Jamás por la venta de marihuana, las peleas de perros o el robo en casa habitada. Ni pensar en un "parlet" de la "bolita" ni en una herencia española quien sólo tuvo esclavos entre sus más remotos antepasados. Y ni por asomo el desvío de recursos, la falsificación de documentos o la venta de plazas bien remuneradas, pues no le trabaja al estado.

Todo se lo debe a Miguelina (alias "La Calva"), la hermana conflictiva que cruzó el charco, trabaja de cocinera y mantiene a tres profesionales, cuatro estudiantes, dos jubilados y un tarambana que se quedaron acá.

Gracias a esa mulata desagradecida de la revolución, que decidió partir en el ochenta y a quien le cayeron a huevazos, la calificaron de prostituta, delincuente juvenil, y hoy es recibida en su antiguo barrio con muestras de cariño perruno, palabras de admiración y cuchicheos cómplices de que "tú sí estabas clara".

No se la comieron los perros.
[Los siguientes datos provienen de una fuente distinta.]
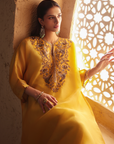 Mehrang Yellow Kaftan Kurta Set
No le impidieron trabajar. No tuvo que prostituirse ni entregarse a las drogas, como le decían los agoreros que hoy le llaman señora y ponen a su disposición todo de lo que carece el pueblo.

Papito Mala Noche camina mal con sus Adidas. El jean marca Viceroy le molesta en sus piernas zambas, y la camisa MacGregor le causa escozor en su estirado cuello. La gorra con la bandera norteamericana, aunque le provoca dolores de cabeza sociales, le protege de un sol para el proletariado.

Dice que ya come carne de res. Que lo zapatos se los refuerza Alaín, un ingeniero agrónomo que gana más como zapatero remendón que metido en un laboratorio o en los cañaverales. El ron que consume en uno de los kioskos Habaguanex S.A. de su cuadra, se lo sirve un sicólogo atormentado por el alto costo de la vida. Y el taxi para pasear a su novia, militante del Partido Comunista en un centro de elaboración de Luyanó, es conducido por un médico pediatra en sus horas libres.

Papito Mala Noche se siente un hombre realizado. Y aunque su ignorancia y comportamiento ofenden hasta al más bruto, sus disparates son aceptados con una sonrisa de asentimiento.

¿Hasta dónde llegaremos en esta caída vertiginosa hacia la pérdida del amor propio y otras concesiones que corroen a un elevado por ciento de los cubanos? ¿Cómo es posible que fantoches, prostitutas vendedoras de drogas y funcionarios corruptos bajo el disfraz de gerentes, representantes, administrativos y otros seudónimos se adueñen del papel protagónico de la sociedad? ¿Por cuanto tiempo más se aplaudirá "el progreso" de personas sin escrúpulos ni mérito alguno?

Es repugnante hablar de "un pueblo digno" que se siente humillado cada día y en su propia casa. Es un insulto ver que la solidaridad, el humanismo y el carácter hospitalario del cubano de hoy con el cubano, están dados por el número y brillo de gangarrias que porta la persona, o por la cantidad de dólares que posea.

¿Dónde quedó el precepto martiano de "mucha tienda, poca alma"? Papito Mala Noche se ríe de la vida. Junto a otros petimetres, se adueña de los sitios y artículos prohibidos para los trabajadores.

El viejo Sergio Juan, con una licenciatura en historia, junto a su hija Inés, pone a enfriar las cervezas, revuelve el caldero de congrí, echa los bisteces de cerdo a la sartén, saca los plátanos verdes bien hervidos, para que su esposa Esther, maestra jubilada, sirva con premura a Mala Noche y sus acompañantes, que se han dignado entrar a El Paraíso, paladar especializada en comida criolla para los extranjeros, o los hombres de éxito de la isla.